Start of Task material

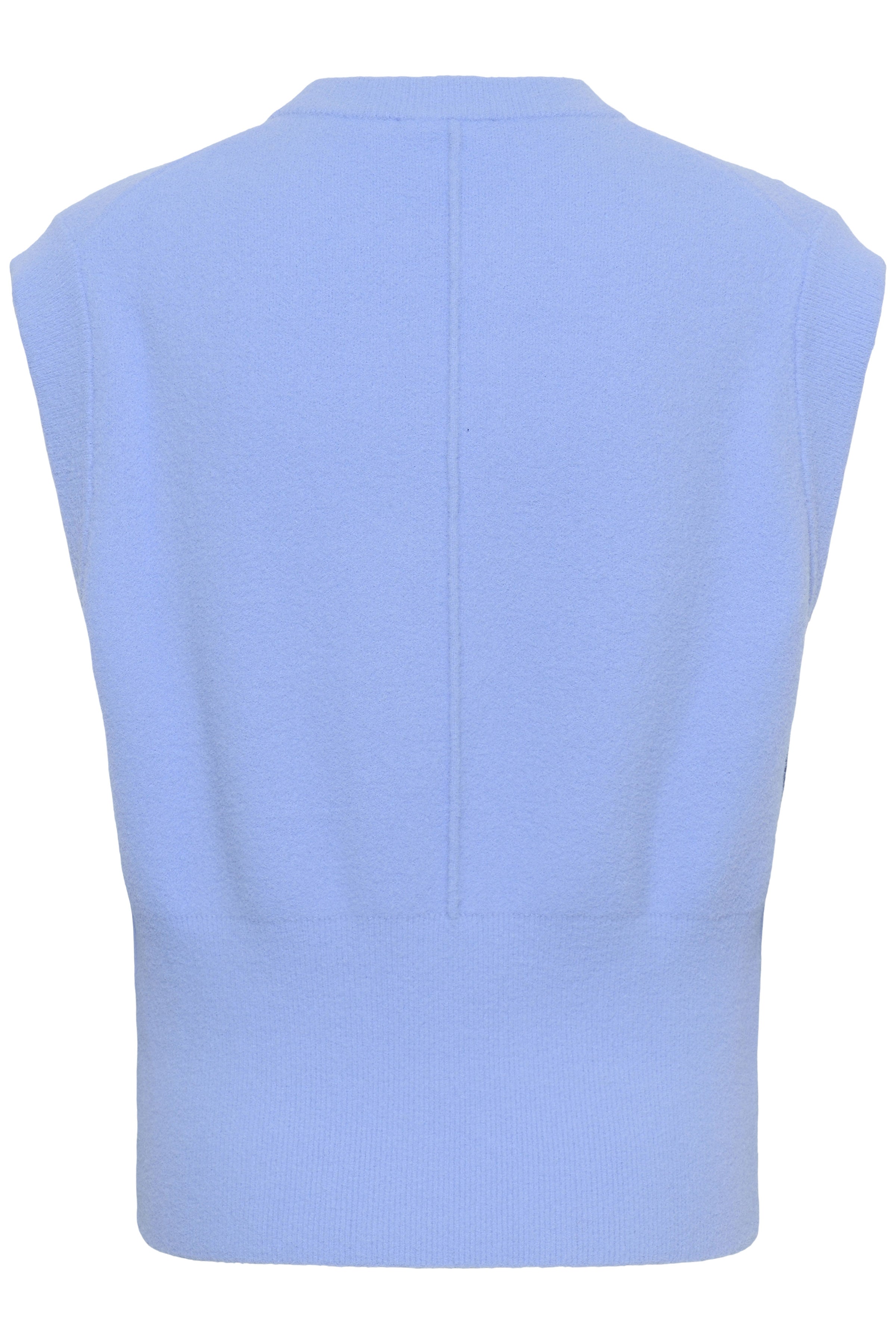 Soaked in Luxury Nerea Knitted Sleeveless Jumper - Hydrangea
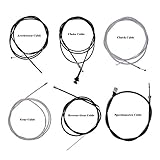 Universal Throttle Cable KIT Tuk Tuk Three Wheeler Cable Kit Throttle Cable Universal Reverse Speedometer Clutch Rear Engine Bajaj -17000401 Universal Throttle Cable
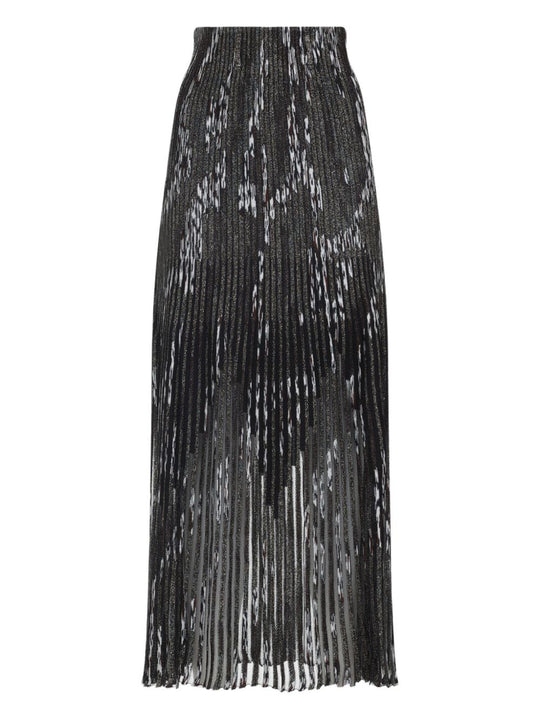 Pleated Long Skirt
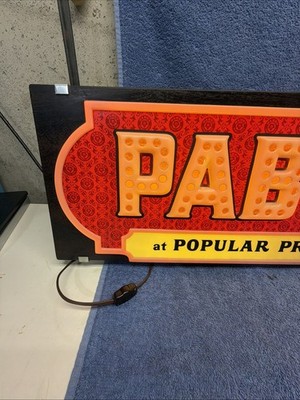 超希少‼︎Blue Ribbon BEER木製看板 VINTAGE PABST BLUE RIBBON BEER LIGHT UP SIGN 36” X 10” GREAT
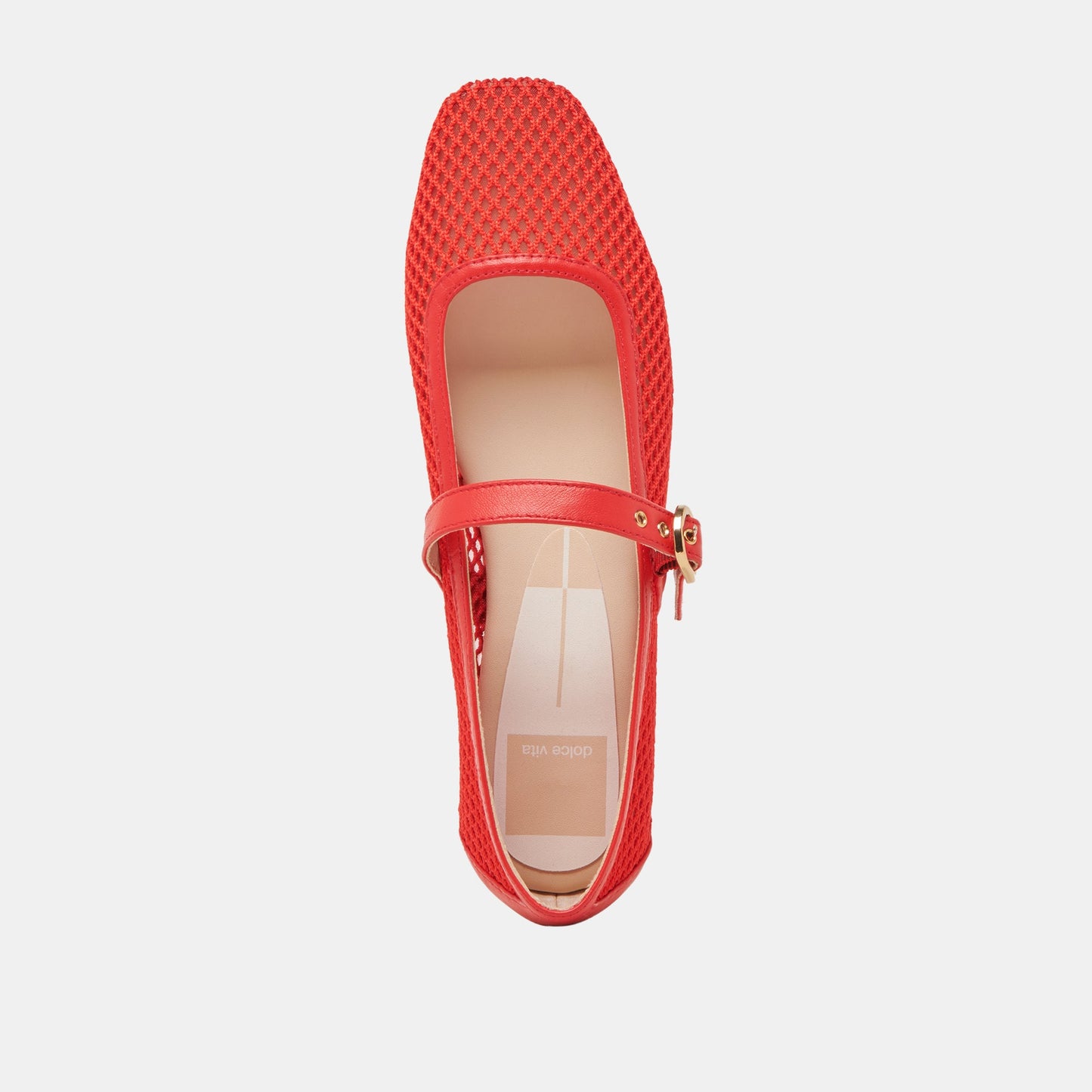 RODNI MESH BALLET FLATS CHILI WOVEN MESH - Dolce Vita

End of Task material

— Problem statement —
Your copy should restate every record word for word and contain no pictures.

— Answer box —
 Soaked in Luxury Nerea Knitted Sleeveless Jumper - Hydrangea
 Universal Throttle Cable KIT Tuk Tuk Three Wheeler Cable Kit Throttle Cable Universal Reverse Speedometer Clutch Rear Engine Bajaj -17000401 Universal Throttle Cable
 Pleated Long Skirt
 超希少‼︎Blue Ribbon BEER木製看板 VINTAGE PABST BLUE RIBBON BEER LIGHT UP SIGN 36” X 10” GREAT
 RODNI MESH BALLET FLATS CHILI WOVEN MESH - Dolce Vita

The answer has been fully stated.